Comment: The concern with these numbers is that they are very likely to underestimate the actual rate of periprosthetic infections after shoulder arthroplasty. The authors used a methodology similar to that employed in identifying infection rates in the hip and knee arthroplasty population using the NIS database by identifying shoulder PJI from ICD-9 diagnosis code 996.66 (prosthetic infection) in conjunction with the shoulder prosthesis codes (81.80, 81.81, 81.88, 80.01).
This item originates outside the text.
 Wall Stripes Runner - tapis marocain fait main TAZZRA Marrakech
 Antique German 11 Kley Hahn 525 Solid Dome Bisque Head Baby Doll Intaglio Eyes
While this methodology captures cases diagnosed with PJI during the primary arthroplasty hospitalization as well as those that underwent arthrotomy and removal of arthroplasty hardware for diagnosis of infection, it is unlikely to capture periprosthetic infections with Propionibacterium (the most common organism cultured from failed arthroplasties) because these cases are frequently thought to represent 'aseptic' failure of the arthroplasty and because they often present late after the index joint replacement.  It seems likely that a substantial number of these cases would not be coded 996.66.  This problem does not exist (at least to the same extent) in hip and knee infections where Propionibacterium is relatively rarely identified.

The bottom line is that the problem of shoulder PJI is distinct from that in hip and arthroplasty where we appear to be winning the battle; in the shoulder, the battle is just beginning.